START Provided entries

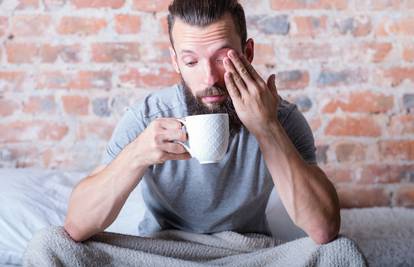 Popiti toplu kavu odmah čim se probudite je krivo - evo i zašto
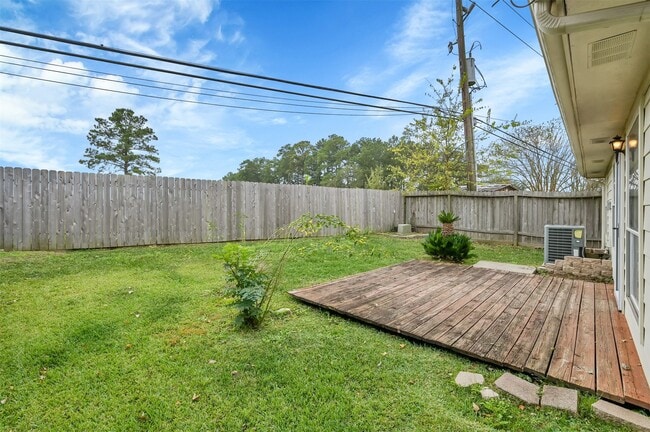 Building Photo - 12411 Westwold Dr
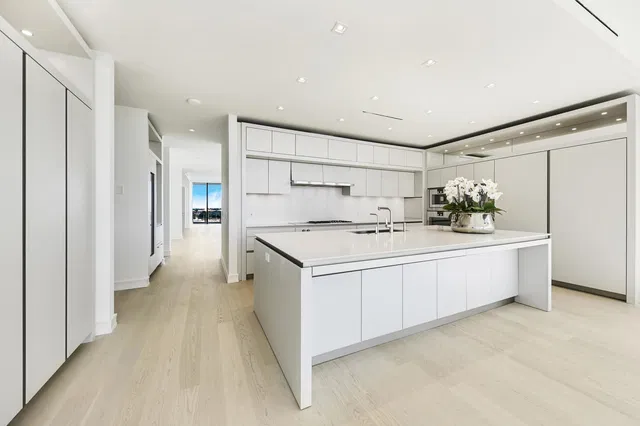 Bristol Palm Beach Unit 804 photo 6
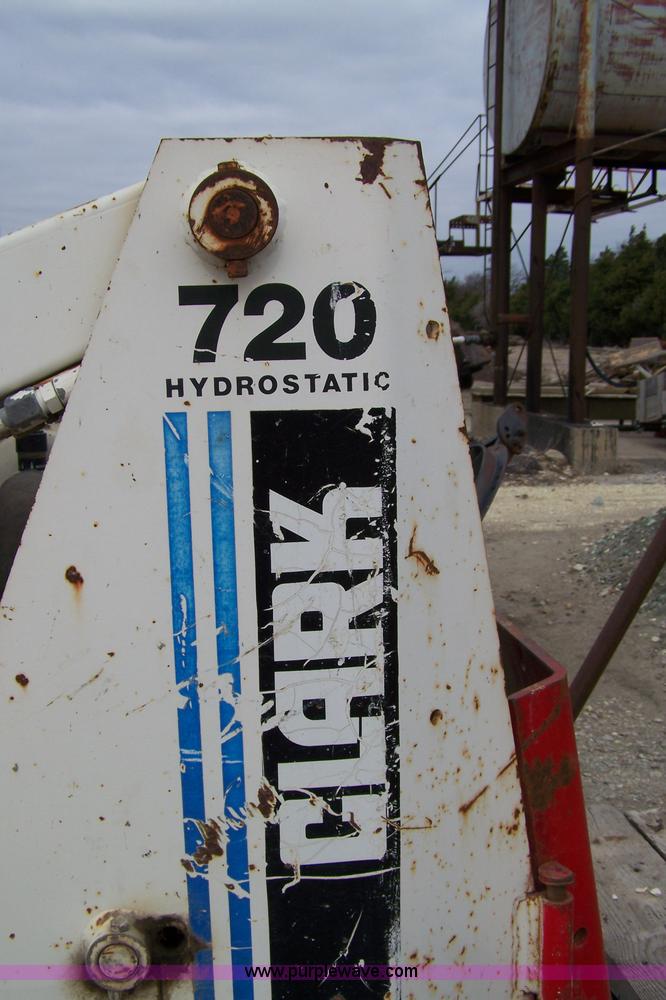 image for item 7361 1976 Bobcat 720 skid steer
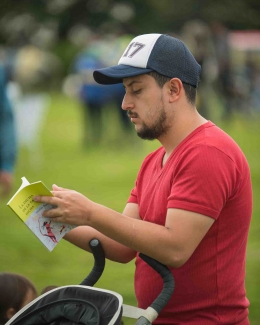 Público realizando actividades del evento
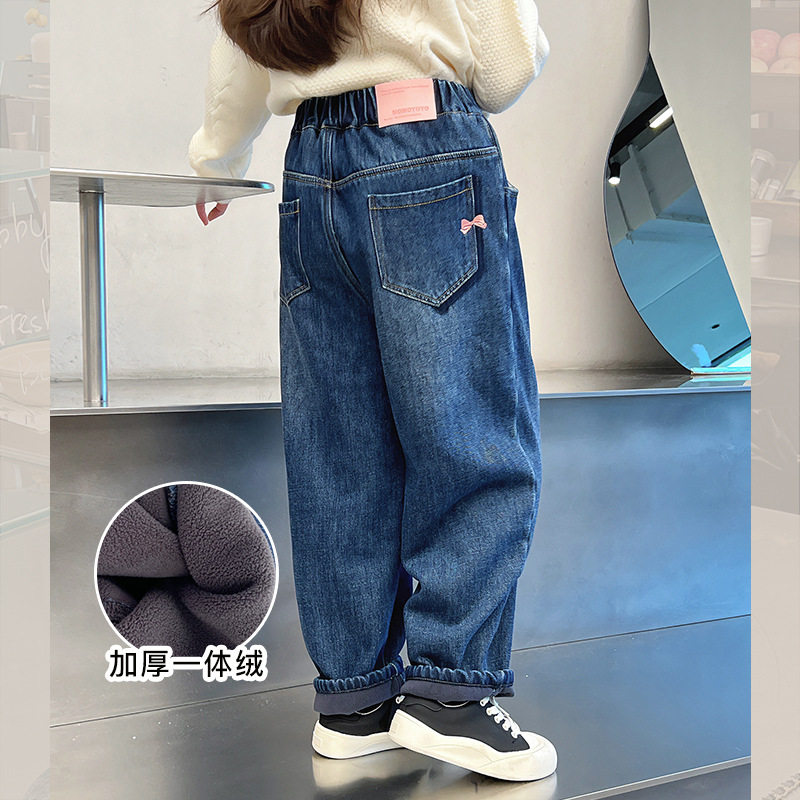 一体绒加厚女童洋气直筒牛仔长裤大儿童宽松休闲裤子2025冬装新款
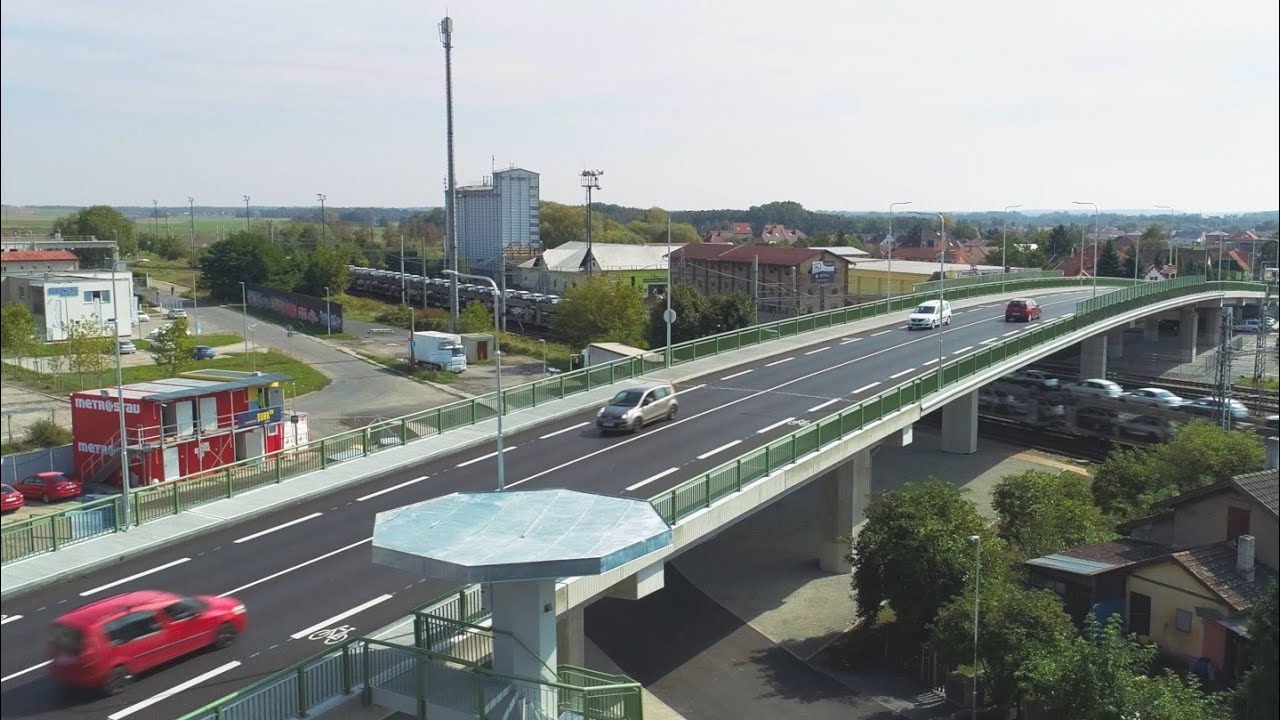 Výstavba mostu v Lysé nad Labem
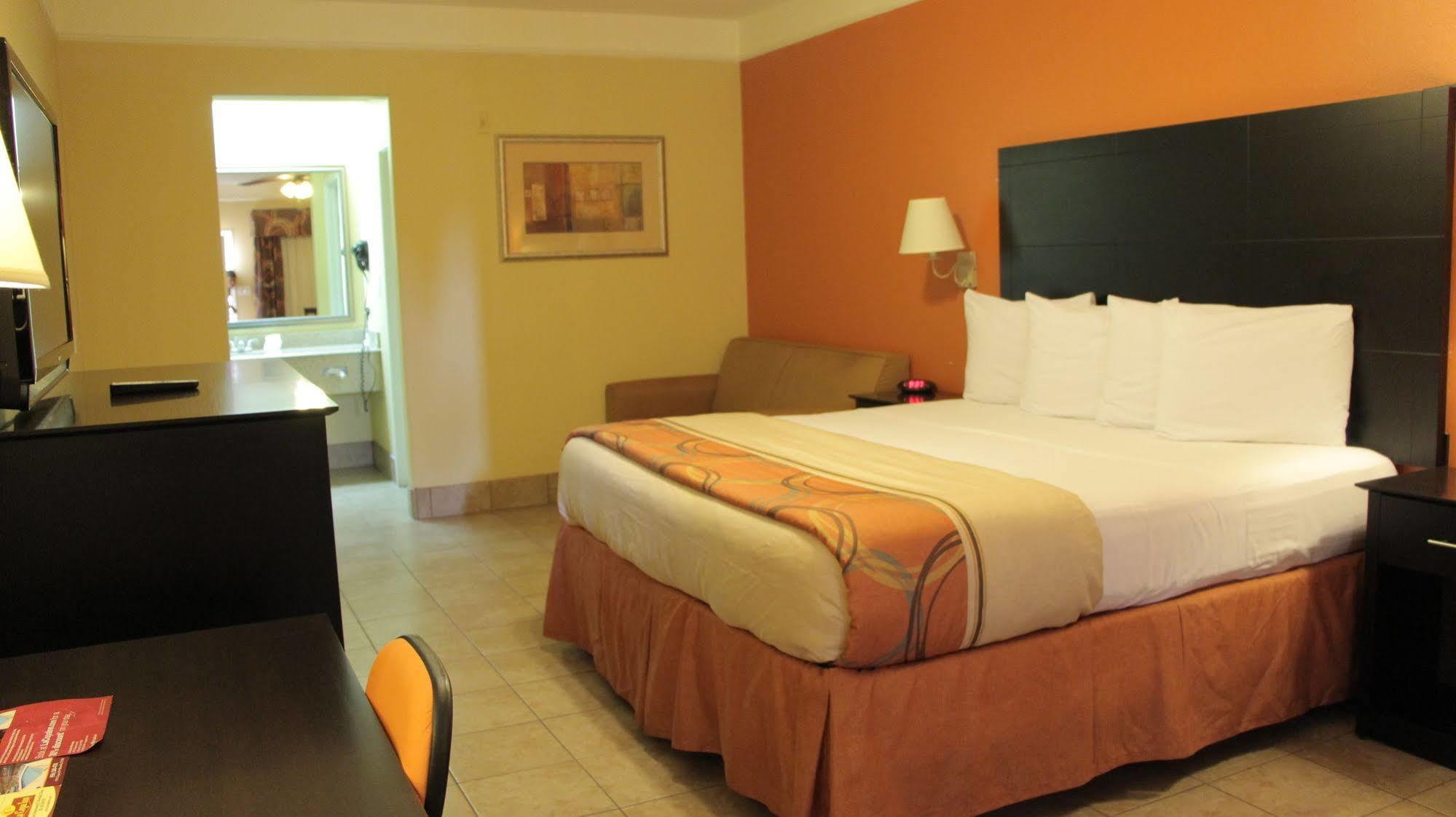 Quality Inn & Suites At The Outlets Mercedes-Weslaco Extérieur photo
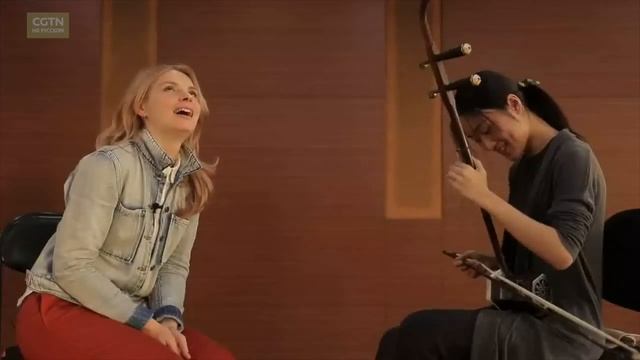 Эрху – образец китайского смычкового струнного инструмента смотреть онлайн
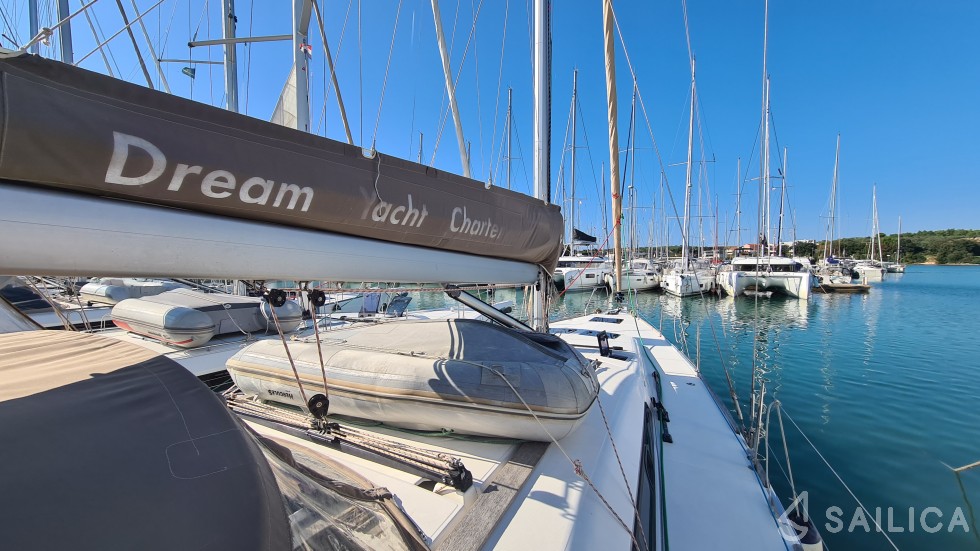 Dufour 460 GL - Yacht Charter Sailica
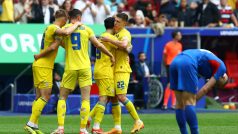 Ukrajinští fotbalisté se radují ze vstřeleného gólu na 2:1 v duelu proti Slovensku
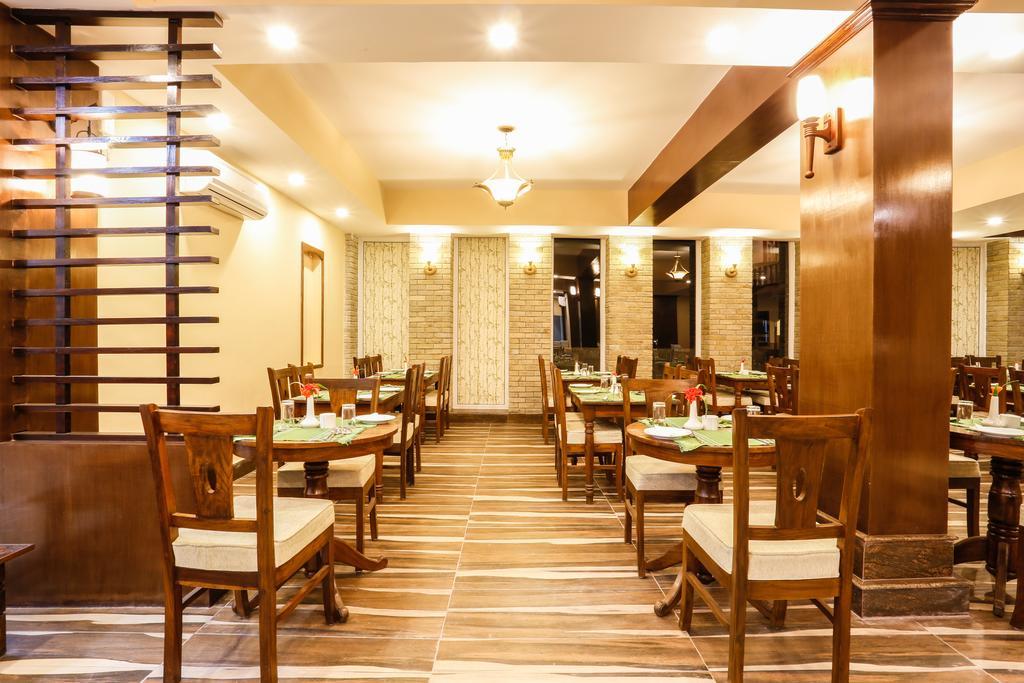 Da Yatra Courtyard Hotel Pokhara Luaran gambar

END Provided entries

Your answer must be an exact copy of the lines from the start of the entries through the line with "一体绒加厚女童洋气直筒牛仔长裤大儿童宽松休闲裤子2025冬装新款", with no pictures.

 Popiti toplu kavu odmah čim se probudite je krivo - evo i zašto
 Building Photo - 12411 Westwold Dr
 Bristol Palm Beach Unit 804 photo 6
 image for item 7361 1976 Bobcat 720 skid steer
 Público realizando actividades del evento
 一体绒加厚女童洋气直筒牛仔长裤大儿童宽松休闲裤子2025冬装新款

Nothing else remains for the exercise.